Dean Young, Head of Telecommunication Pre-sales at T-Systems in South Africa

With the proliferation of remote access by employees, companies will have to start rethinking the way they approach standards within their UCC (Unified Communications and Collaboration) strategies. Indeed, crossing the chasm from internal-only UC applications to enabling connectivity across company boundaries, and often to disparate systems, requires a standard means of communication. In addition, accessibility and connectivity are important prerequisites that should not be hampered by vendor lock-in when opening your company to important customers and mobile employees.

The reality is standards improve services’ whereas vendor lock-in sees companies losing functionality. In fact it becomes a costly exercise to add customised solutions to your network to ensure that you keep in trend with new devices that enter the market. A service provider will overcome vendor lock-in and ensure that an UCC strategy and resultant implementation meets industry standards and overcomes issues such as integration while harnessing the power of new technologies. A standardised approach future proofs your investment in UCC.

The standards

With all of this said, what are the main standards and how do they contribute to an environment that extends beyond the firewall? Many are familiar with SIP (Session Initiation Protocol); however, it is not the silver bullet to companies’ UCC standards woes. For example, SIP merely defines a signaling standard; negotiation of actual codes, security/encryption and management still requires underlying interoperable standards such as H.264 for video encapsulation or G.711 for audio. IT integrators should therefore start familiarising themselves with standards such as: Extensible Messaging and Presence Protocol (XMPP)

SIPconnect 1.1; and Telepresence Interoperability Protocol (TIP). Each plays an important role in delivering a standardised and important customer-centric approach to UCC.

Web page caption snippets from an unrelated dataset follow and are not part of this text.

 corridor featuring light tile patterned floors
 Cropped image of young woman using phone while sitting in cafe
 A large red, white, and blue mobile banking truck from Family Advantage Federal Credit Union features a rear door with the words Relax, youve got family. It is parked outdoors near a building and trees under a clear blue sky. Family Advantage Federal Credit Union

XMPP – the interoperability must-have

XMPP is a well-established UC protocol and was initially developed to support the Jabber open source instant messaging (IM) project years ago. The standard was basically reborn from the ashes as a result of support from giants such as Google. However, the main reason for resurrection has been the simplicity and extensibility of the XML-based development. XMPP offers strong interoperability features and allows companies to, with relative ease, extend messaging protocols into other business applications. Furthermore, almost all of the major smart mobile offerings such as iPads and Android-based devices offers support for XMPP which is a major plus when opening up your infrastructure to remote workers and clients.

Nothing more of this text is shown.